Its balance sheet may still have a gaping hole in it, but the Bank of Punjab’s decision to finally come clean with the full scope of its crisis-era woes appears to be rewarded on the interbank market: the bank can once again raise money from other financial institutions without having to post government securities as collateral.
“Ever since we issued our financial statements [in March 2012], we have been able to access clean borrowing,” said Naeemuddin Khan, the president of the bank, in an interview with The Express Tribune.
Khan was referring to the fact that, after disclosing a Rs10 billion loss for 2008, the bank did not issue any financial statements until early 2012, when it disclosed the annual financial statements for 2009, 2010, and 2011. That period of non-disclosure led to speculation within the banking industry about the true financial health of the Bank of Punjab, and most other banks sought to limit their exposure by refusing to lend to BOP without requiring government securities as collateral.
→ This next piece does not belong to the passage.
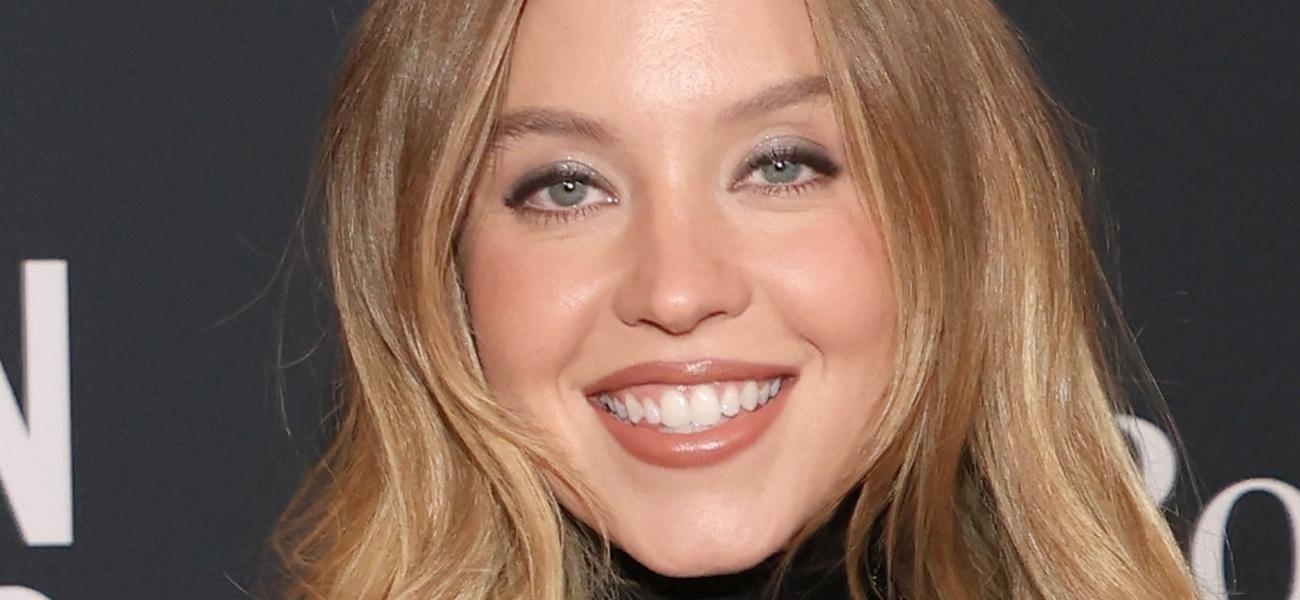 Sydney Sweeney smiling close up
Following the disclosure of its financial statements, however, the bank appears to have been welcomed back into the interbank market. Sources inside the banking sector confirm that the Bank of Punjab is able to access limited amounts of financing in the “clean” interbank lending. The bank, however, still appears to be viewed with at least some suspicion since it still has at least Rs30 billion worth of bad loans that it has not provisioned for.
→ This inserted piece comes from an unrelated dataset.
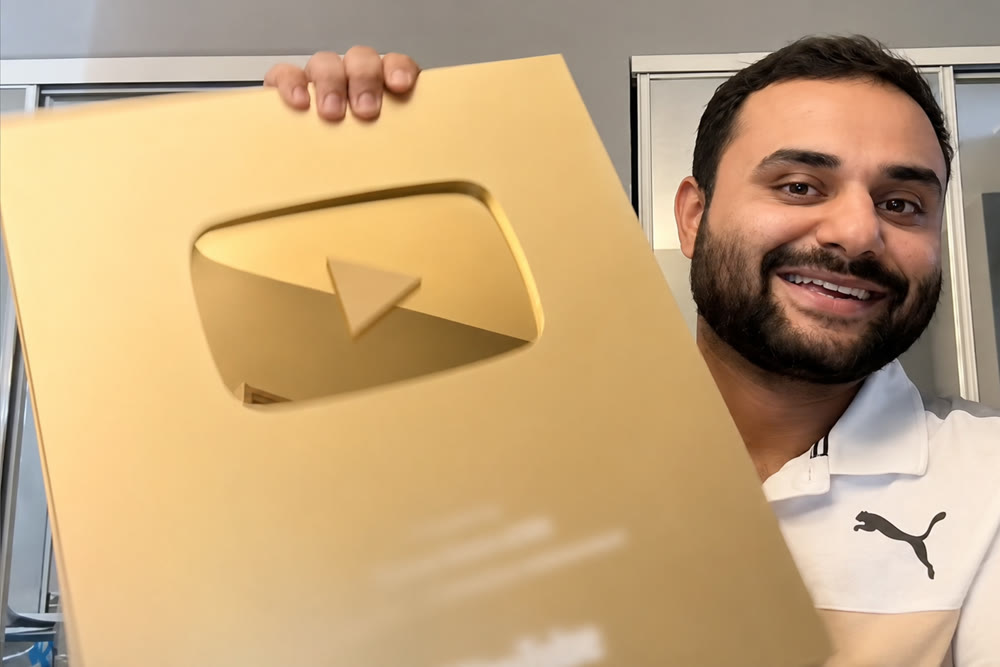 A creator holding up a large gold YouTube play button award, close up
The Bank of Punjab was one of the worst victims of the post-Musharraf crash in the financial sector that saw Pakistan’s fixed income markets freeze up in late 2008. Nearly all banks faced a sharp rise in bad loans after interest rates jumped more than 6% within a few months during that time, but Bank of Punjab’s woes were exacerbated by allegedly politically motivated lending by the then-provincial government in Lahore.
There have been allegations of politically connected companies such as Haris Steel borrowing billions of rupees above their normal credit limit by using fraudulent methods and in connivance with bank officials. The bank’s former president Hamesh Khan was even extradited from the United States – the first time that the US has ever extradited a fugitive to Pakistan – to face charges of mismanagement and corruption.
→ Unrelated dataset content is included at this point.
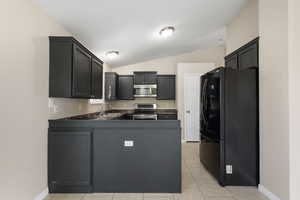 Kitchen featuring stainless steel appliances, dark cabinets, vaulted ceiling, a peninsula, and light tile patterned flooring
The hole in Bank of Punjab’s balance sheet, however, suggests that the problem was much wider than the Rs9 billion loan to Haris Steel. Adding together the Rs20 billion in bailouts that the Punjab government has pumped into the bank to the Rs30 billion in bad loans that still need the provisioning yields a number of closer to Rs50 billion in questionable lending, out of a total lending book that stood at Rs252 billion as of September 30, 2012.
It is unclear just how much of that lending was just the result of a bad economy and how much was the result of poor risk management. The State Bank, meanwhile, has allowed the Bank of Punjab to not provision for Rs30 billion in bad loans. That provisioning would cost the bank over Rs27 billion, which would more than wipe out the bank’s total equity of close to Rs12.1 billion. Were that to happen, BOP would have had a colossal net loss instead of showing a Rs348 million profit in 2011 and a Rs634 million profit for the first nine months of 2012.
The exemption from provisioning appears to be consistent with the State Bank of Pakistan’s policy of letting time heal all financial wounds. As a response to the 2008 crisis, the central bank allowed all banks to take asset write-downs over four quarters, instead of having to provision for them all at once. This extension largely worked: the banking system stabilised, and after a poor 2009, banking sector profitability bounced back in 2010 and has continued to rise since then.
But while the interbank market may be cautiously welcoming back the Bank of Punjab, the stock market has been less forgiving: the bank’s stock is down 21.8% since the day it released its financial statements, though it is still up 51.4% since the beginning of the year, outperforming the KSE-100 index, which is up by 42.4% for the year.
Published in The Express Tribune, November 7th, 2012.